What you see in the first graph, showing gross revenues, is the appearance of marginal success. This is all the money coming into the health system – regardless of what the system is spending. Lake Regional’s gross revenues climbed from around $400 million in 2011 to around $500 million in 2015. But here’s the first warning sign. Growth started to stagnate and then plateau through 2017. Generally, health care costs rise year after year and so revenues should rise, too. That’s why your insurance premiums inch – or even leap – upward every year. 

So you would expect when you scroll down to the next graph, showing net income, that you would see income also rise and then start to plateau. Remember, this is showing what the hospital was able to bring in after paying its costs. But, instead, the net income trend is even worse than gross revenues, peaking at just over $14 million in 2014 before falling all the way to $1.8 million in 2017. That could be the sign of a health system in freefall. Your job would be to do what the Gatehouse team did. Find current and former employees and talk with them. Find patients and talk with them. Look for lawsuits. Look for bankruptcy court filings. Ask for an interview with the CEO. There is a story there.

To get a sense of other hospitals in other parts of the country, I checked on Montana. 

This time I chose Harlowton. Up popped Wheatland Memorial Hospital where the situation is even more dire. Revenues have been climbing — good sign — but net income is a disaster. The hospital has only seen positive net income in one year between 2011 and 2017. It lost $62,900 in 2011, then $717,800 in 2012, and so on. In 2015, its losses were nearly $1 million, making for an 18% profit loss, followed by a 9.5% loss the following year. 

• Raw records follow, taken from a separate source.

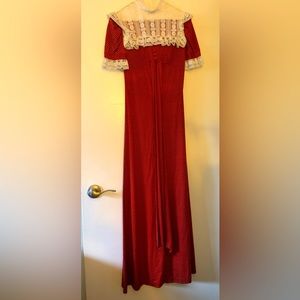 1970s Red w/ white dots long dress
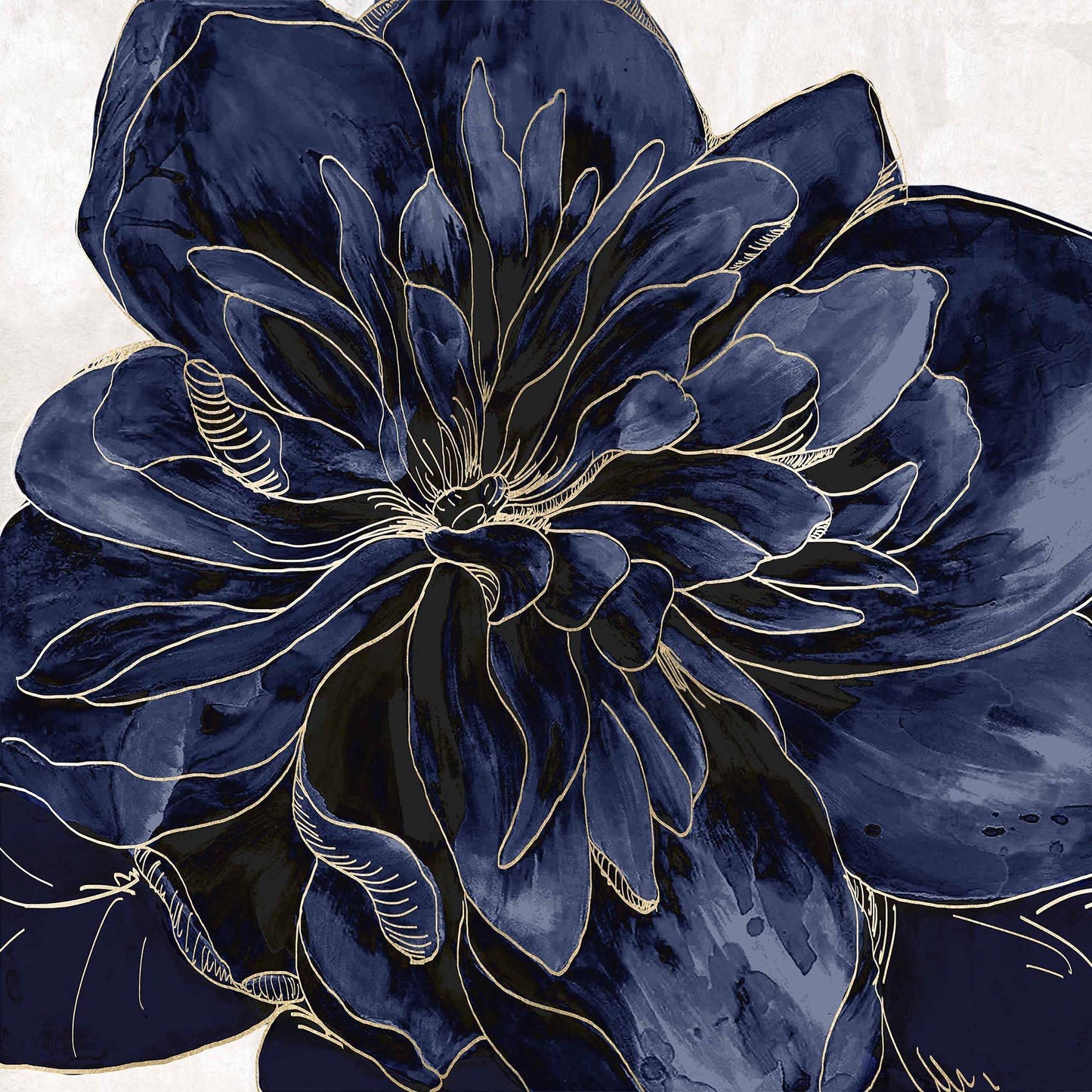 Floating Tempered Glass With Foil Open Peony - Blue Classy Art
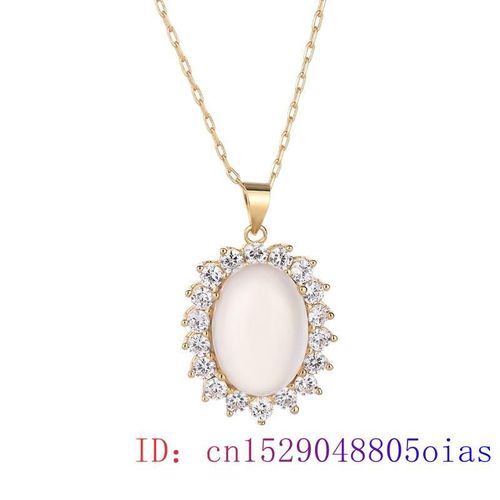 Pendentif Goutte D'eau En Jade Blanc, Calcdoine En Argent 925, Collier  Breloques En Pierre Prcieuse, Bijoux Amulette En Cristal Zircon Naturel  La Mode Pour Femmes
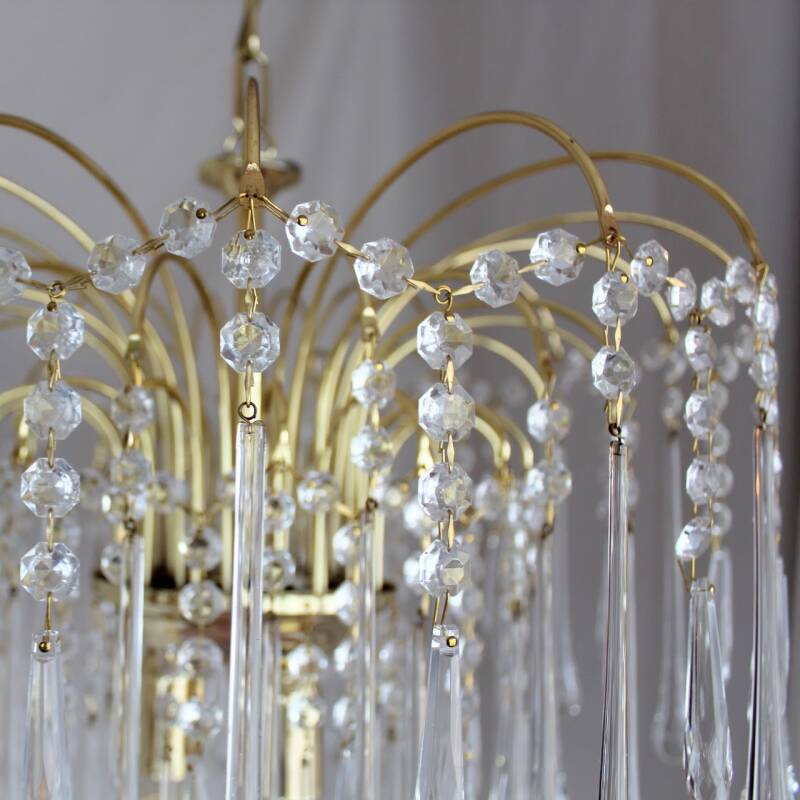 Vintage teardrop lamp - transparant, goud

Why does it matter if a hospital loses a bunch of money? Wheatland’s tagline is “Sustainable Quality Care,” and quality is certainly not sustainable with those kinds of ongoing losses, since maintaining quality requires revenue for maintenance, salary increases, recruiting high performing staff, keeping current with technology change, and the like.

In 2012, the hospital created the Wheatland Memorial Healthcare Foundation. While the urban hospital in my neighborhood recently raised millions of dollars for a new wing, the wish-list items for this small rural hospital are modest: $3,000 for a new furnace, $2,000 for new blinds, $1,500 for chairs. This suggests that even basic needs aren’t being met. It also suggests that the hospital knows the community it serves doesn’t have deep pockets.

These are literally the only two hospitals I chose to examine out of hundreds in the GateHouse database. You will certainly be able to find your own good stories with some hunting around. Good luck — and let me know what you find.